Mit einem Kollegen, dem ich den Spitznamen "Legolas, der Elbenfürst" verpasst habe, bin ich zum Flugausflug verabredet. Wir fahren nach Weiler bei Monzingen zu "Wolken-Werner". Er hat Start- und Lande-Wiese gekauft und freut sich über Gastflieger. An der kleinen Westkante habe ich bei 40 km/h Wind schon einen lustigen Soaring-Flug bekommen. Mit dem Drachen ist auf der großen Landewiese mit Windsack eine sichere Landung fast garantiert.
Wir treffen zwei Gleitschirm-Piloten, die schon in der Luft waren. Wir packen die Flügel aus dem Auto. Ich habe schon angefangen mit Aufbauen, da dreht der Wind auf unstartbaren Nordwest. Ich kann den Kollegen überreden, noch nach Burgen-Veldenz zu fahren, wo es bei Nordwest super trägt. Er ist neu- gierig auf neue Fluggelände und auch mit Sightseeing allein einverstanden. Die dunklen Wolken, denen wir entgegen fahren, reden wir uns als Staubewölkung des "riesigen Gebirges" Hunsrück schön.
Vom Startplatz in Burgen aus sehen wir tatsächlich wieder die Sonne. Der Wind steht ideal an. In den Baumkonen rauscht und orgelt es: Musik in den Ohren des Drachenfliegers. Der Gleitschirmpilot runzelt sorgenvoll die Stirn.
Mit fliegenden Fingern baue ich auf - froh, dass ein Helfer dabei ist, der verhindert, dass der Drachen ohne mich wegfliegt. Weil ich um die Sensibilität des Saphir beim Start weiß, warte ich eine etwas ruhigere Phase ab und stürze mich dann in die aufgewühlte Atmosphäre.
Es bläst wie Sau, die Wolken saugen, es geht saumäßig hoch. Ich achtere hin und her, genieße die spektakuläre Aussicht ins dramatische Panorama. Ich bin froh, in einem Drachen zu hängen, mit dem ich auch mal schneller vorwärts fliegen kann. Das behütet mich davor, hinter die Kante ins kilometerweit bewaldete Nirvana geblasen zu werden.
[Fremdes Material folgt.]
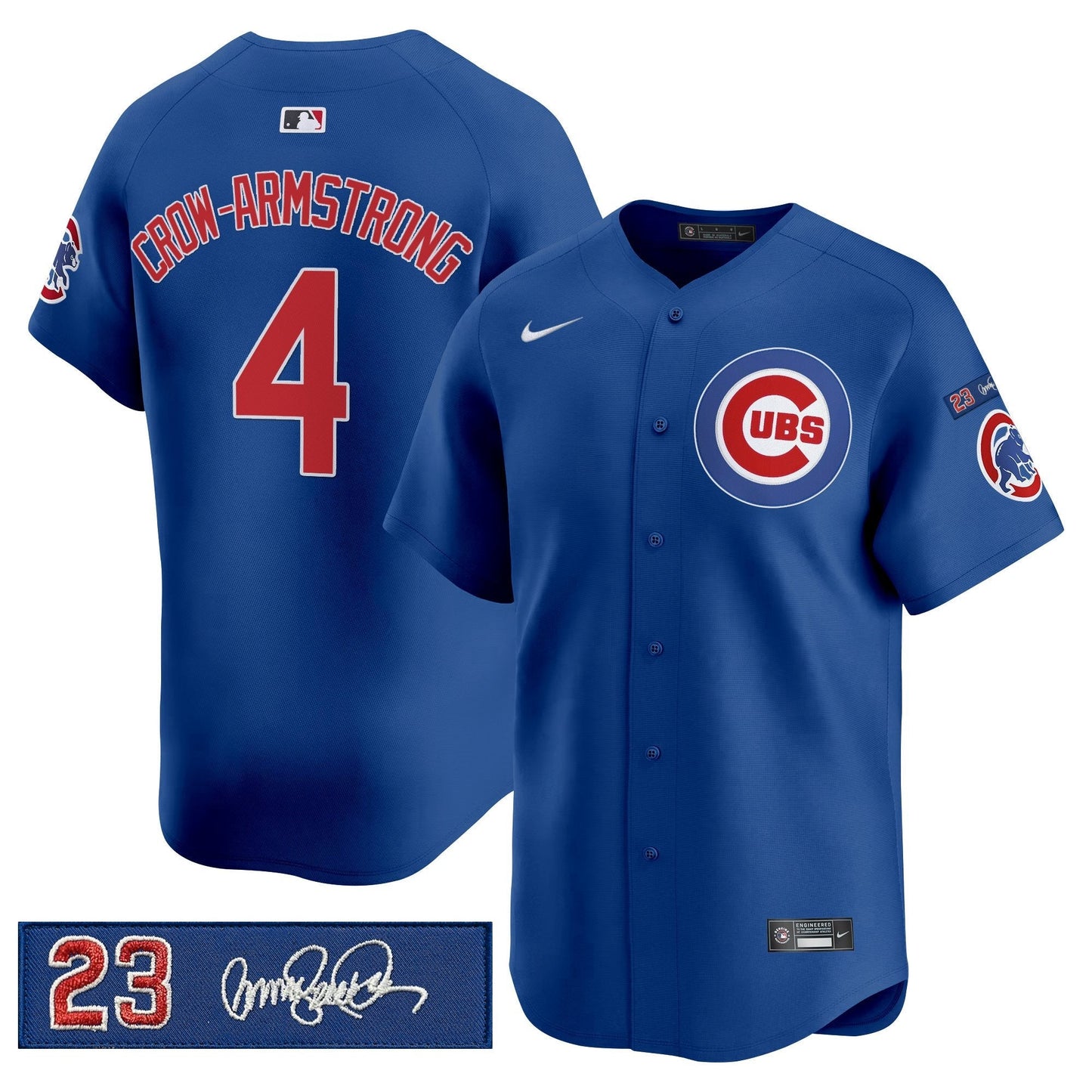 Men's Chicago Cubs 'Ryne Sandberg Tribute' Vapor Premier Limited Jersey V3 - All Stitched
Einen Ausflug zur Burg Veldenz und zurück genehmige ich mir aber doch.
"Legolas, der Elbenfürst" hat mich vor dem Start noch gefragt, ob ich eine Kamera im Auto hätte. Er hat wohl seine Startabsicht aufgegeben. Gut, er hat Familie und Kinder. Aus der Luft sehe ich, dass er zum Auto geht und die Kamera holt. Später gibt er mir eloquente Winkzeichen. Erst verstehe ich nicht, was das soll. Soll ich schon landen, oder was ? Wir hatten doch eine Stunde als Limit ausgemacht. Und Landung des ersten, wenn der andere startet. Nein, er meint nur, ich solle weiter rausfliegen, damit ich besser ins Bild komme. Ich versuche es. Und auch weiter draußen trägt es gut. Er schießt ein paar spektakuläre Fotos. Danke! Mir tut es leid, dass er anscheinend nicht mehr in die Luft kommen wird. Ich kehre ohne viel Höhenverlust wieder über den Startplatz zurück und reite weiter den Drachen durchs Aufwindband. Heute müsste er nur noch Feuer spucken, dann wäre es perfekt ...
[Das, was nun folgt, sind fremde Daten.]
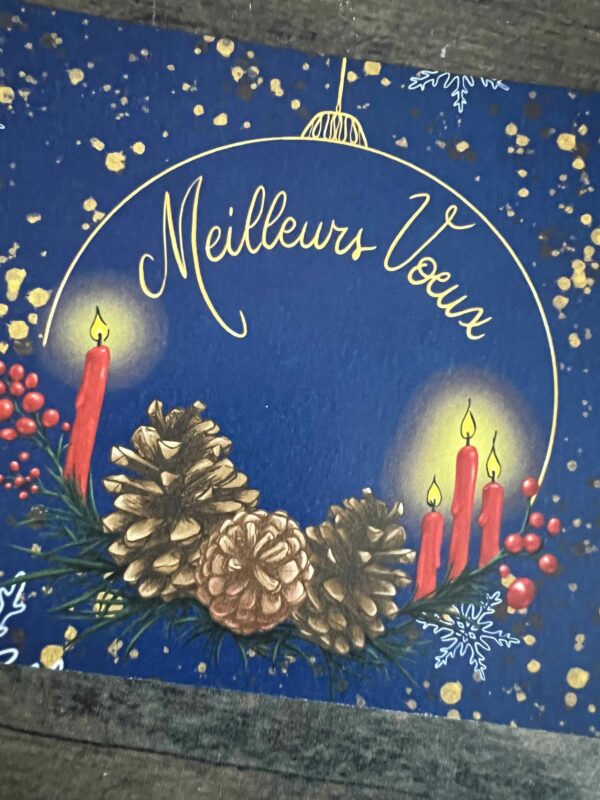 Lot de 5 Cartes de Voeux Pommes de Pins – Image 3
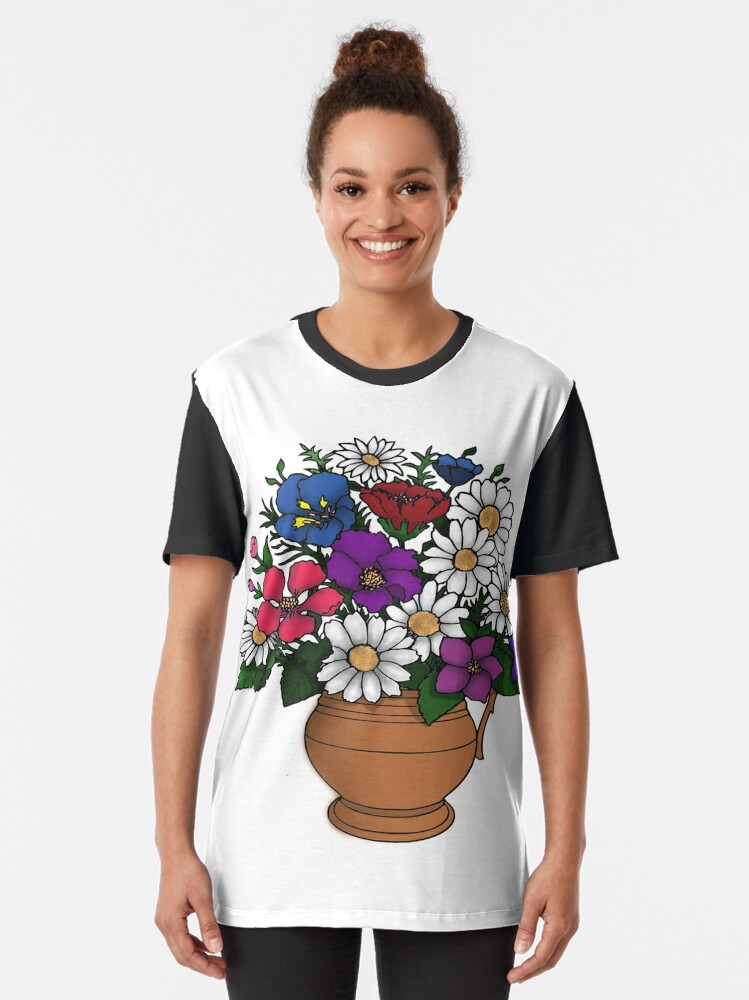 Flowers Lined Doodle T-shirt Design Graphic by subujayd · Creative Fabrica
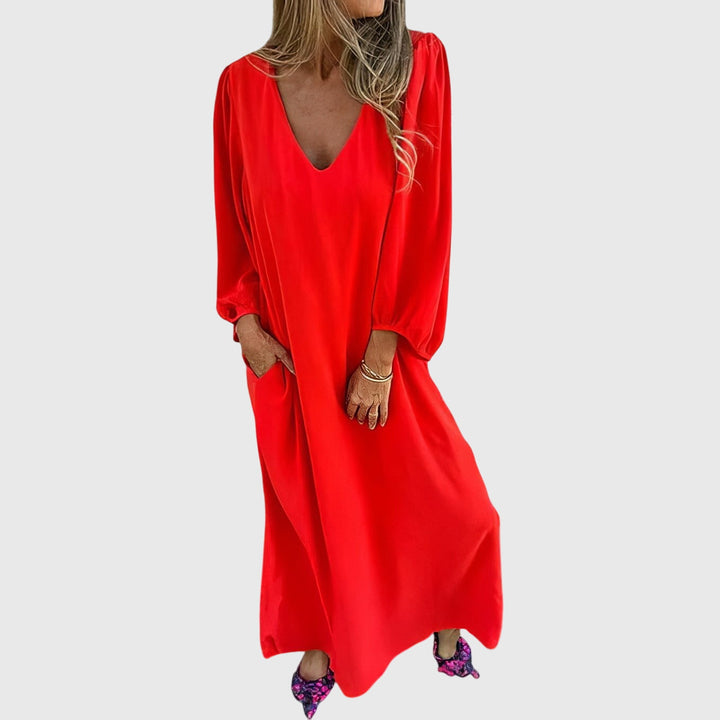 Sophie | Long Boho Dress with Pockets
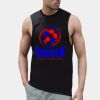 High neck slash armhole vest Thumbnail
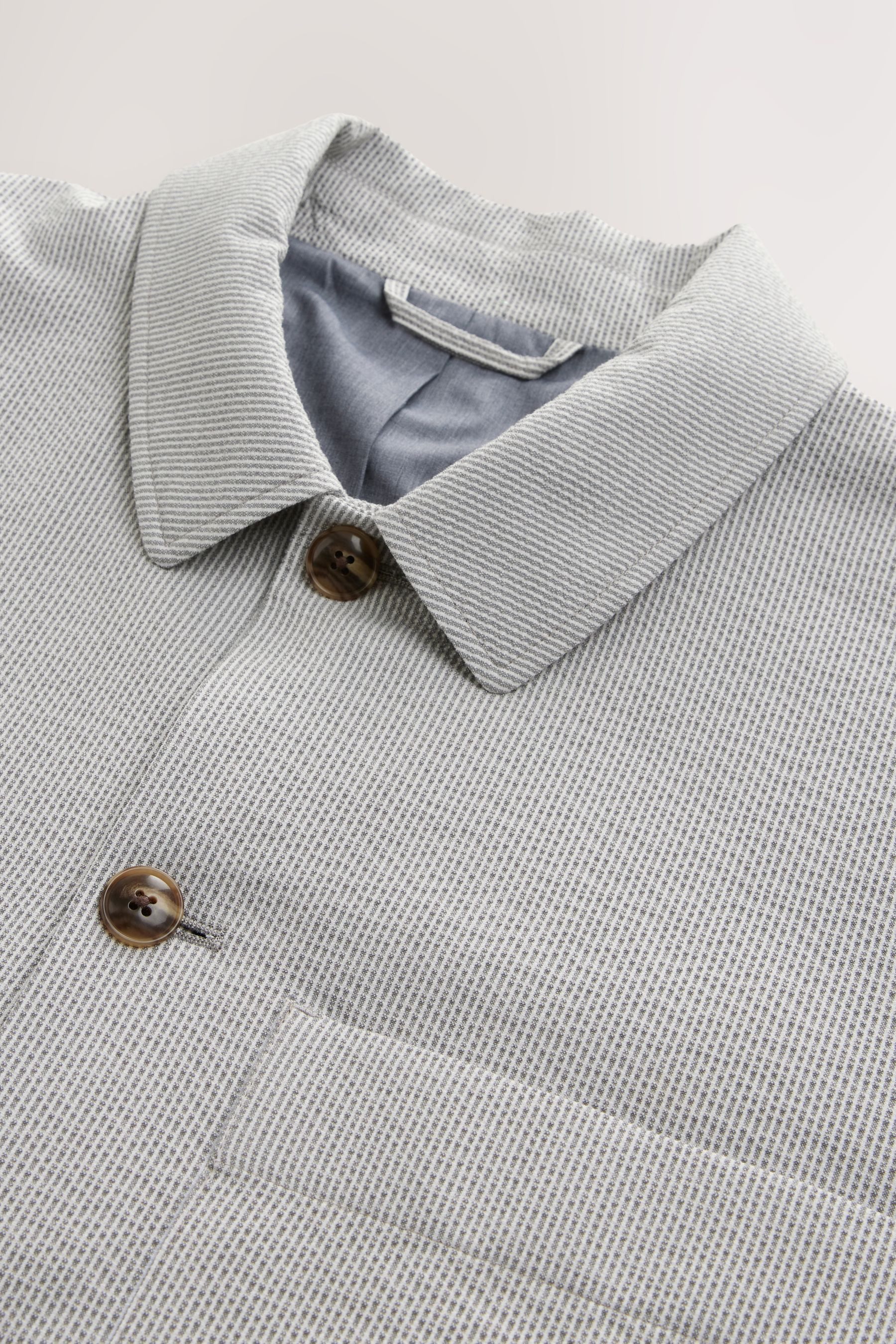 Next Hemdjacke Edle Hemdjacke mit Doppeltaschen und Streifen (1-St) günstig online kaufen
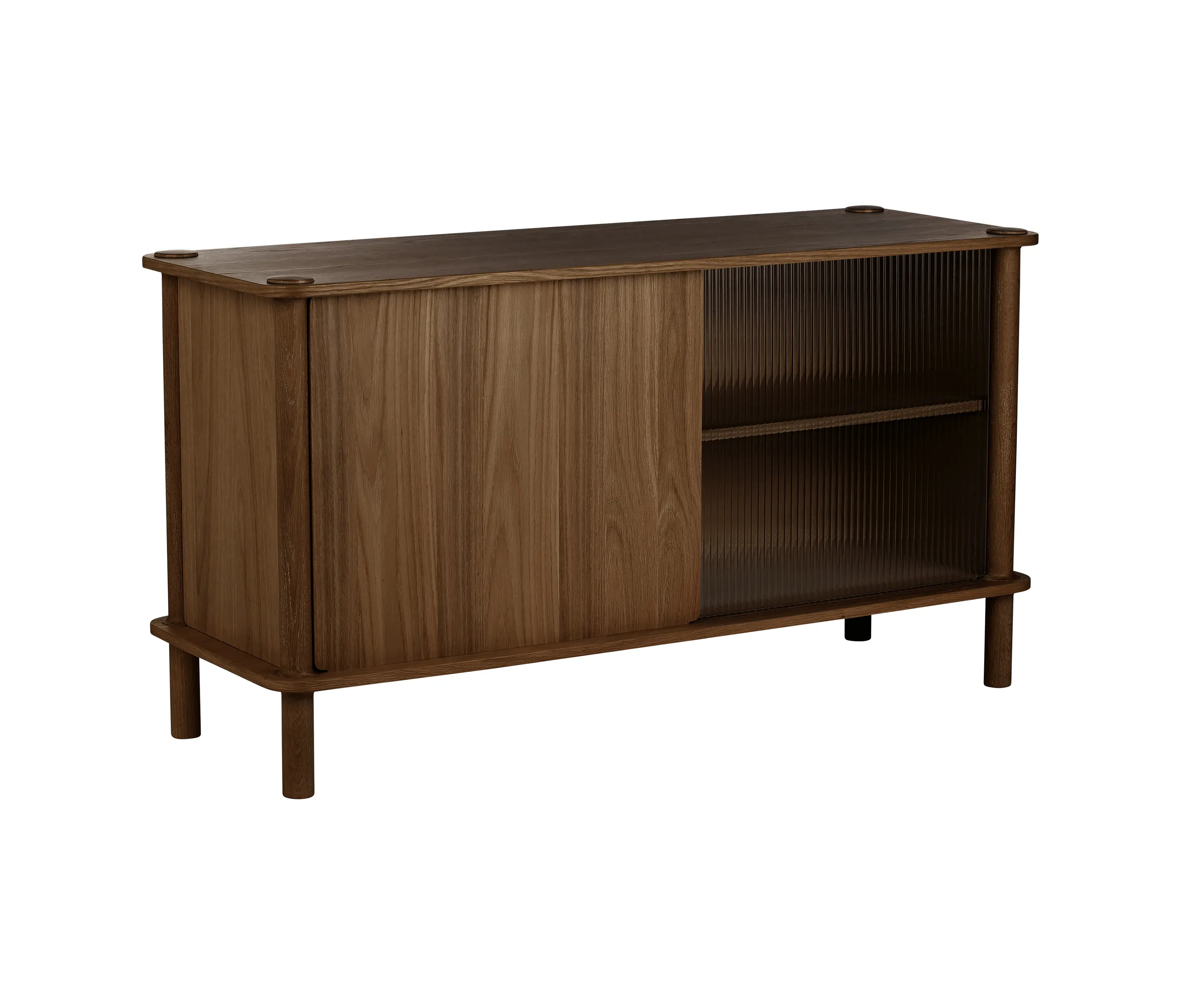 UMAGE - Italic | sideboard, dark oak w. doors in dark oak and glass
Während die Wolkenbänder bisher unten glatt waren, kommt nun eines, dass hässlich ausgefranst aussieht. Ein Böenkragen! Fast wie er im Lehrbuch steht. Ich flüchte turnend meine Höhe abbauend zum Landeplatz. Es wird eine "Hubschrauber-Landung". Ich stelle den Saphir über dem Landeplatz in den Wind. Und kämpfe damit, ihn gerade zu halten. Senkrecht sinke ich nach unten. Ich habe Glück und komme in einer Phase ohne Böen sanft am Boden auf die Füße.
Am Landeplatz treffen wir einige Gleitschirm-Piloten. Sie wollen Bodenhändeln. Sogar dafür ist es nun zu böig.
Ein grenzwertiger Flug: Den Spitznamen "Tornado-Winni", den Kirsten A. mir früher ungerechterweise verpasst hat, habe ich heute wohl verdient…
WinDfried (Donnerstag 07.09.2006)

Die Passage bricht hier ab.